Codrica juge les Idéologues avec sévérité et leur reproche d’être des «démagogues athées et les successeurs des Jacobins ». En revanche, Coray insiste sur la conscience authentiquement révolutionnaire des Idéologues et sur leur compétence scientifique en les qualifiant de «savants » ; c’est à Marie-Joseph Chénier, qu’il emprunte les propos suivants, afin de préciser le contenu scientifique de l’idéologie : «L’idéologie, c’est la science de Locke et de Condillac, elle n’est point nébuleuse, quoi qu’en aient pu dire certains orateurs. Elle est très claire pour ceux qui voudraient empêcher les hommes de penser… ».

Il est très intéressant de noter que la translitération du néologisme idéologie en grec moderne provoqua plusieurs discussions, en raison même des racines grecques du terme. Diverses formes linguistiques furent envisagées, ce qui mena à une instabilité terminologique. L’étymologie grecque du verbe eidenai, qui renvoie à la perception visuelle, ainsi que le substantif idea firent que l’idéologie a été transcrite en Grèce, au début du 19e siècle, tantôt comme eideologia et tantôt comme idealogia.
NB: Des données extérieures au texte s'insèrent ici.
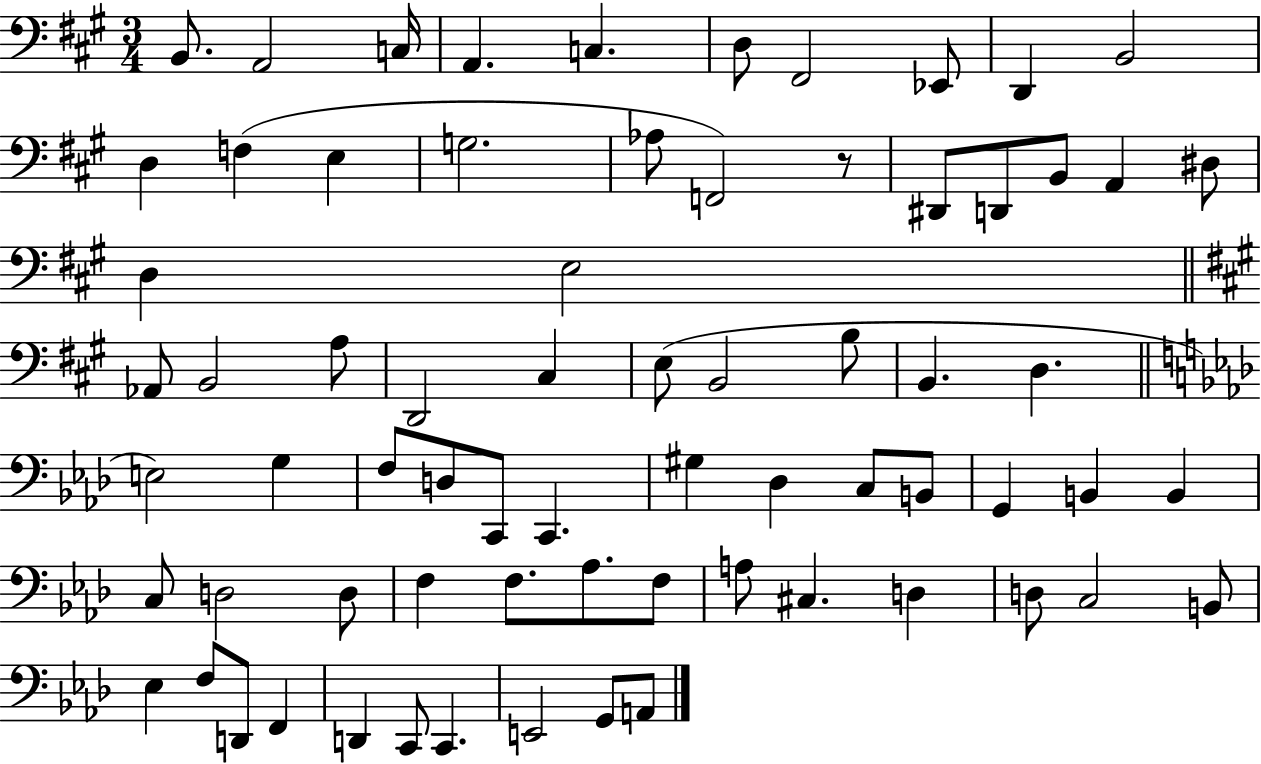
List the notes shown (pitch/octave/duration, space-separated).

B2/e. A2/h C3/s A2/q. C3/q. D3/e F#2/h Eb2/e D2/q B2/h D3/q F3/q E3/q G3/h. Ab3/e F2/h R/e D#2/e D2/e B2/e A2/q D#3/e D3/q E3/h Ab2/e B2/h A3/e D2/h C#3/q E3/e B2/h B3/e B2/q. D3/q. E3/h G3/q F3/e D3/e C2/e C2/q. G#3/q Db3/q C3/e B2/e G2/q B2/q B2/q C3/e D3/h D3/e F3/q F3/e. Ab3/e. F3/e A3/e C#3/q. D3/q D3/e C3/h B2/e Eb3/q F3/e D2/e F2/q D2/q C2/e C2/q. E2/h G2/e A2/e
Pour Coray, ainsi que pour ses adeptes, l’idéologie était une science et une discipline nouvelle du savoir, et ils embrassèrent le programme idéologique dans toute son envergure. Coray fit siennes les conceptions anthropologiques et morales des Idéologues ; il a été le premier à traduire en grec moderne les notions de civilisation (politismos), de même que celle d’idéologie (ideologia) dans la forme qui a finalement prévalu. Cet ancien élève de l’école de Montpellier et ami de Philippe Pinel, adopte le programme idéologique de la science de l’homme physique, moral et politique. Il rend hommage à Montesquieu, Condorcet et Cabanis et rejoint leurs théories sur la civilisation, la perfectibilité et l’influence du climat (Prolégomènes à la traduction française de l’ouvrage d’Hippocrate, Des airs, des eaux et des lieux, Paris, 1800).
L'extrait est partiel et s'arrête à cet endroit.